História - A Folia de Reis é uma manifestação cultural religiosa festiva vista no Brasil como folclore e praticada por adeptos e simpatizantes do catolicismo. Também chamada de Reisado ou Festa de Santos Reis, a Folia de Reis é utilizada para relembrar a atitude dos Três Reis Magos, que foram à procura do esconderijo do Prometido Messias (Menino Jesus) para prestar homenagens e dar presentes.

Em Campos - Sylvia realizou pesquisas por décadas sobre o assunto em Campos, onde atualmente existe apenas um grupo de Folia de Reis ativo, pertencente ao Parque São José, em Guarus. Ela explicou que a tradição é normalmente composta por amigos, compadres, vizinhos e que, na medida que a cidade vai crescendo, as pessoas vão se movendo da cidade, outras falecem, e o legado pode acabar se perdendo, como está sendo o caso da planície goitacá que, antes, havia dezenas de grupos até mesmo no interior do município.

“A Folia de Reis é uma sabedoria popular e ela guarda uma mensagem, uma história, que é bíblica, e ela repete essa história para as gerações mais novas. Então, a tarefa dela é justamente essa, de passar essa mensagem para as futuras gerações. Sempre é possível resgatar, reviver e reverenciar essas tradições (...) Essas tradições podem ser reativadas, reavivadas, através das políticas públicas culturais. E a população, esse consumo da cultura, ela pode ser fomentada através do turismo e através das ações de cultura, como editais que fortaleçam para compra de vestimenta, para aquisição de instrumentos musicais, formação de oficinas para as máscaras dos foliões e dos palhaços”, explica a pesquisadora, que lembrou ainda sobre o Festival de Muqui, município do Espírito Santo, em que as crianças quiseram montar uma Folia de Reis na escola, que teve o apoio de diversos professores.

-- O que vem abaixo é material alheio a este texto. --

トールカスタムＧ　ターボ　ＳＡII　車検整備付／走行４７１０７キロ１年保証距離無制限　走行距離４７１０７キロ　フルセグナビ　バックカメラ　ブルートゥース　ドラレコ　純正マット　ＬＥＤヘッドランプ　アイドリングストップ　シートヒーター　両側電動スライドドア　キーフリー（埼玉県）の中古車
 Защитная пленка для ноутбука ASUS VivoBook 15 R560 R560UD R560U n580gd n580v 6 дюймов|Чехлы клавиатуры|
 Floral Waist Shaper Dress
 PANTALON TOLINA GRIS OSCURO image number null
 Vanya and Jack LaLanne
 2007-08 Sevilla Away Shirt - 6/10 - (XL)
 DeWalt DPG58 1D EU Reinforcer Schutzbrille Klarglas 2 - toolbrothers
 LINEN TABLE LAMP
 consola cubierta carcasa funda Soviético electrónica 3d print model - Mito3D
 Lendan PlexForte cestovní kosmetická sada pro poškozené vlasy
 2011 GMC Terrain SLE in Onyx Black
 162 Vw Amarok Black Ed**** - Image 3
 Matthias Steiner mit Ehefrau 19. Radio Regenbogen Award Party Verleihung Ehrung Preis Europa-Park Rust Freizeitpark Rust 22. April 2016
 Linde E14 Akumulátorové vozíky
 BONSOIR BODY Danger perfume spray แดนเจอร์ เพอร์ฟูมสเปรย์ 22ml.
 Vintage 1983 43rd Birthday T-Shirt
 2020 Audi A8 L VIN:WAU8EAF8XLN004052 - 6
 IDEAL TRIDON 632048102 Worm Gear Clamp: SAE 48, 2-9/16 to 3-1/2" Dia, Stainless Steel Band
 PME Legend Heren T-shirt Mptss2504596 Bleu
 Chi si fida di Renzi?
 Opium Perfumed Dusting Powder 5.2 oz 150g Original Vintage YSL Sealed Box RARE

A ativista cultural Neusinha da Hora também falou sobre como é possível reavivar as manifestações culturais e tradicionais do município, em que também relembrou dos diversos grupos antigos existentes.

“O ponto primordial para reavivar as manifestações culturais e tradicionais do município se dá através de apoio aos grupos existentes. Campos já foi um celeiro de Folias de Reis diversificadas em vários bairros, hoje no nosso município sabemos de uma única Folia de Reis que está resistindo e mantendo a tradição. Penso que, através dessa Folia, possamos dar condições para que a mesma não só perdure, mas propague por meio de capacitações e/ou oficinas, contribuindo assim para a geração de novas Folias”, conta.

Museu Histórico de Campos – Mesmo sem exposição prevista para este ano até o momento, Graziela Escocard, coordenadora do Museu, deixa um convite e mostra a vontade de realizar outro encontro, como feito em 2017.
“Já fizemos uma exposição e um encontro de folias. Não temos exposição prevista para esse ano, mas gostaria muito de tentar realizar o encontro de Folias na Praça, como foi feito em 2017. Lembrando que as folias estão praticamente extintas na nossa cidade, permanecendo apenas a do Parque São José em Guarus. O espaço do museu encontra-se aberto e disponível para quem desejar usá-lo como local para prestigiar a Folia em nossa cidade”, disse. (I.S.)